I certainly have become aware of my belly in a different way — maybe you could say it’s like there’s a new position on the constantly rotating kaleidoscope of biases through which I see the world. Sometimes I feel ok about it, the belly that is; I mean I’m starting to grow a tiny sense that it’s ok for my belly to exist, that it just is, and I might as well deal with it.
Then other times I see a photo of it and it doesn’t look the way I want it to look. I don’t even know how I WOULD want it to look — just not like that! Argh! It catches me off guard and embarrasses me. Like today, when I had this picture taken with a drag queen and then looked at it and thought, Oh no. This belly is NOT appropriate.
But then last night I was out dancing with Sam and it was a totally different story. For one thing, I couldn’t help but notice and be drawn to all the OTHER sexy, large bodied ladies in the club! (Proof, that’s why I love you! Ok it’s one reason!)
And I myself felt WAY freer than usual. I felt like I could dance just however I felt like, and I didn’t have to stop myself — at least not because of my belly. Maybe it was a combination of listening to “Shake It Off” six times a row in the car plus this belly appreciation project, but I felt good about expressing myself in the ways that felt most natural and happy and vibrant to me. I felt just a glimmer of — it’s just all part of the package, and it’s more than ok. It’s the perfect vehicle for my life adventure and it rocks.

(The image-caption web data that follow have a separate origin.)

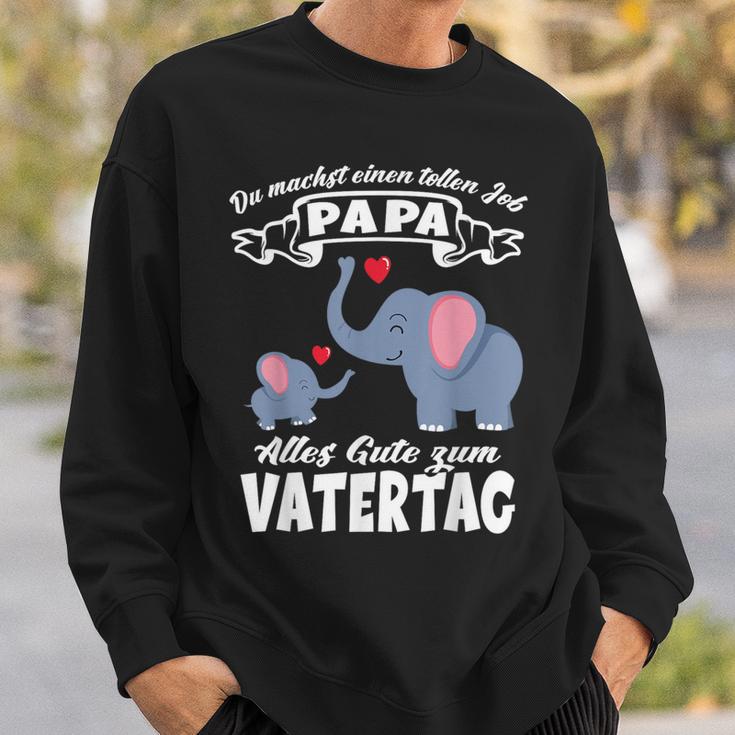 Du Machst Einen Tolle Job Papa Father's Day Baby Elephant Heart S Sweatshirt Geschenke für Ihn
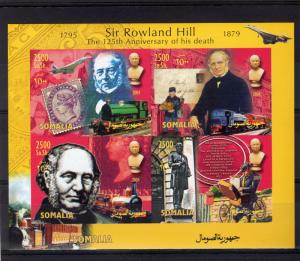 Somalia 2004 Rowland Hill/Concorde/Trains/Bicycle/Stamp on Stamp SS Imperforated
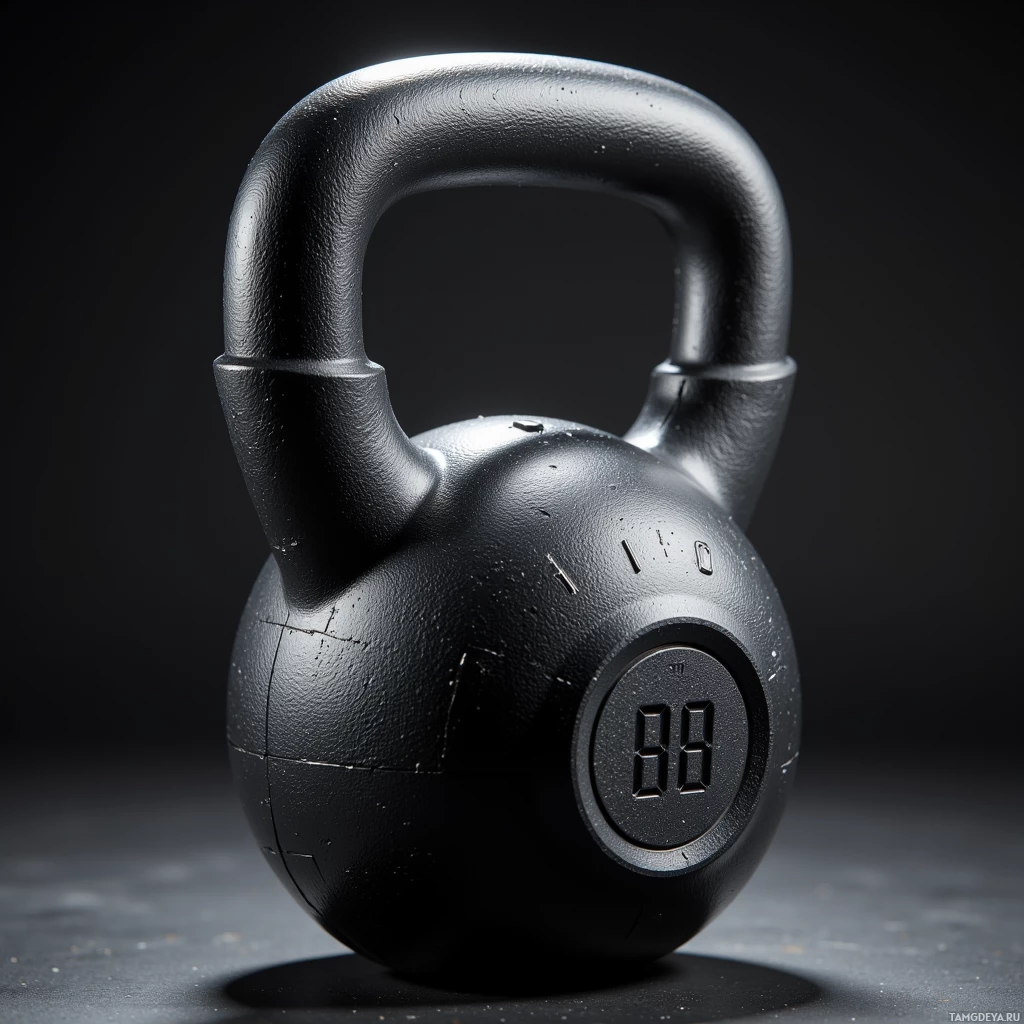 Semi-abstract image with many light, that is suitable for the post:  Matte black tactical kettlebell with rugged textured grip, a sleek adjustable weight panel, a small built‑in snack drawer, subtle sensor housings and a minimal digital display, all rendered in a high‑contrast metallic finish.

A few months ago I prayed for insight into the next step of my journey to self love. What I heard back was this, spoken (in my head) in the voice of a large lady gospel church minister:
God GAVE you that body. God SPECIALLY CHOSE that body for you out of the infinite possibilities of human physical incarnation, as a gift to you, because God wanted you to have something wonderful. The proper response is THANK YOU.
To which I said, Amen!
It was quite a while ago now, but I still hear this voice in my head. It comes to me especially at times when I’m feeling a lot of doubt about my okay-ness. It really helps.
Dancing like all that matters is the rhythm and movement flowing through me is one way I can say thank you.